My brilliant CEO is pushing the Cloud migration also. I made some forecasts for On-Prem, Co-located and Cloud.
For a single machine with 64 cores, 128Gb Ram and 6TB storage the on-prem cost for 5 years is 25k.
Same machine Co-located in a big datacenter is about the same cost and only depends on how many cabinets are rented.
Now the cloud.........15K per month.

Of course the cloud wins because the man want's this because "it's the future and everybody is doing it"


 
Execs love touting going to the cloud, and the plan to "migrate 95%" of their "data center contents" onto the cloud makes me wonder how they came up with that number.

My company made the push to cloud. Took a couple of years to get so much out there. Now? We're going back on-prem because of the opex cost. Lot's of other companies are doing the same.

It's no surprise that GCP and Oracle are offering them tons of money (they tried to poach us from AWS and succeeded in a few areas), and I suspect that Uber may regret their choice.

Capex is expensive. But once it's paid for, it's paid for. There's always some opex, but nothing makes the opex go through the roof like, well, the cloud. I wish Uber the best of luck. But I suspect that they, like many enterprises before (and inevitably after), will be rethinking this move in a few years.
It makes sense. These companies gave great deals to attract people, now they can make real money and do some real earning. That was the idea from the beginning.

 
My brilliant CEO is pushing the Cloud migration also. I made some forecasts for On-Prem, Co-located and Cloud.
For a single machine with 64 cores, 128Gb Ram and 6TB storage the on-prem cost for 5 years is 25k.
Same machine Co-located in a big datacenter is about the same cost and only depends on how many cabinets are rented.
Now the cloud.........15K per month.

Of course the cloud wins because the man want's this because "it's the future and everybody is doing it"
That's an expensive cloud offering. In AWS it would only be $3,953.52 per month (current on-demand pricing for a i4i.16xlarge with 64 cores, 512 GiB Ram, 4 x 3750 GiB Nvme; and you could get cheaper by using a c6a.16xlarge and EBS for storage and even less if you use a 3-year capacity reservation).

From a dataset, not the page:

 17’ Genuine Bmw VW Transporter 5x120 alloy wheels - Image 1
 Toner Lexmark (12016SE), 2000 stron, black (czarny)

But whatever, the final numbers aren't really important. If you need fully-provisioned performance, in the long term the cost of the machine is always lower on-prem. The cloud wins in price in general, though, since you:
1. Don't have to pay for hardware failures or electricity
2. Don't have to pay someone's salary to maintain it
3. Only pay for what you use
4. Flexible scaling

You technically do pay for 1 and 2, but only indirectly, and with economies of scale, the business using the cloud can have a much lower total cost of ownership than the business doing it on-prem. For 3, the cloud is a lot cheaper if you have a bursty workload: you don't have to pay for a 64 core machine and have it idle 90% of the time in your environment. You pay for the 64 cores only when you need them. For 4, if 64 cores turns out to not be enough, you can easily scale up. If it's too much, you can scale down. So it's a lot easier to right size your purchase.

The real power of the cloud is not in the infrastructure offerings, though, it's in the platform and software offerings that can be connected together to build powerful solutions.

All that said, yes, the cloud is still expensive, and there are still very valid reasons to do things on-prem from a cost perspective (my company is doing that, for example). We're still staying in the cloud for some things and reducing our on-prem footprint as it relates to older data centers, but there's definitly more acceptance these days for expanding our on-prem infra instead of going to the cloud for some things. Versus 2 years ago when it looked like closing down most of our on-prem infrastructure was the eventual goal.